Understanding¶
Understanding Overview¶
Understanding is making sense of stories, events, and situations in the world. It relies heavily on frames and sets up the infrastructure for commonsense reasoning. The key mechanisms:
Thematic role systems — structured frame representations capturing who did what to whom, with what, for whom
Ambiguity resolution — using constraints and background knowledge to select correct interpretations
Grammar and ontology — guiding interpretation through sentence structure and world knowledge
Thematic Role Systems¶
Consider: “Ashok made pancakes for David with a griddle.” Three levels of analysis apply:
Lexical: categorizing words (noun, verb, etc.)
Syntactic: sentence structure (noun phrases, verb phrases)
Semantic: meaning in terms of thematic roles
The semantic analysis is primary — it produces understanding:
Agent: Ashok
Action: make
Thematic object: pancakes
Beneficiary: David
Instrument: griddle
This frame is the meaning. Evidence of understanding comes from the ability to draw correct inferences (e.g., “Who ate the pancakes?” → David, even though this isn’t stated explicitly). The frame’s default values enable such inferences, just as the frame for “eat” has defaults like “the eaten thing is dead.”
Thematic role frames generate expectations. A frame for “throw” tells us to expect an agent, an object, a trajectory, a destination — even before seeing the full sentence.
Constraints from Prepositions¶
Prepositions constrain which thematic roles a word can fill:
by → agent, conveyance, or location
for → beneficiary, duration, or purpose
from → source
to → destination
with → co-agent or instrument
Examples:
“written by Ashok” → Ashok is agent
“went to New York by train” → train is conveyance
“stood by the statue” → statue is location
Prepositions narrow possibilities but don’t always determine meaning uniquely — additional knowledge is needed.
Resolving Ambiguity with Ontology¶
An ontology provides the conceptual vocabulary for interpreting the world:
Things → Agents (People: Ashok, David)
→ Objects (Conveyances: train, car)
→ Locations (statue, park)
When “by” constrains a word to {agent, conveyance, location}, the ontology resolves which applies:
“by Ashok” → Ashok is People → Agent
“by train” → train is Conveyance
“by the statue” → statue is Location
Processing is a combination of bottom-up (data-driven lexical analysis) and top-down (knowledge-driven expectation generation).
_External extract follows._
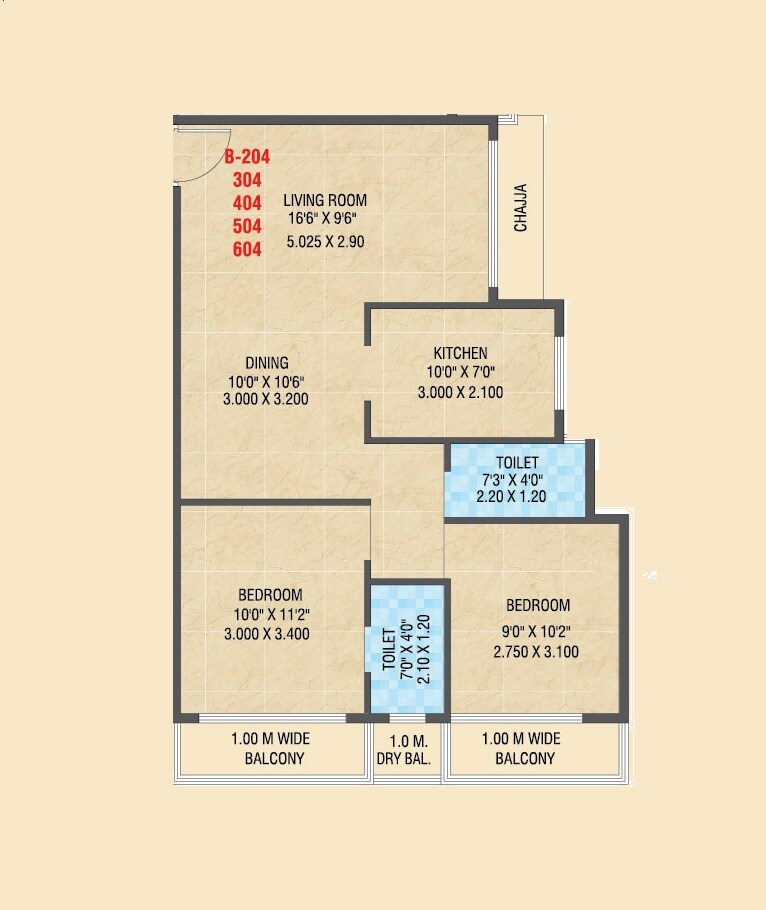 2 BHK 609 Sq. Ft. Apartment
Bottom-up processing generates cues that probe memory; memory returns frames that make processing top-down.
Resolving Ambiguity in Verbs¶
Verbs frequently have multiple meanings. “Take” has at least 12 interpretations: to steal, to medicate, to measure, to transport, to assume control, etc. Each meaning has its own thematic role frame specifying expected slots.
Resolution process for “I took the candy from the baby”:
Background knowledge about candy eliminates meanings requiring medicine, quantity, etc.
The preposition from requires a “source” slot — eliminates frames without source
Only the “to steal” frame remains, with source = baby
Similarly for “My doctor took my blood pressure” — background knowledge of “doctor” and “blood pressure” selects the “to measure” interpretation.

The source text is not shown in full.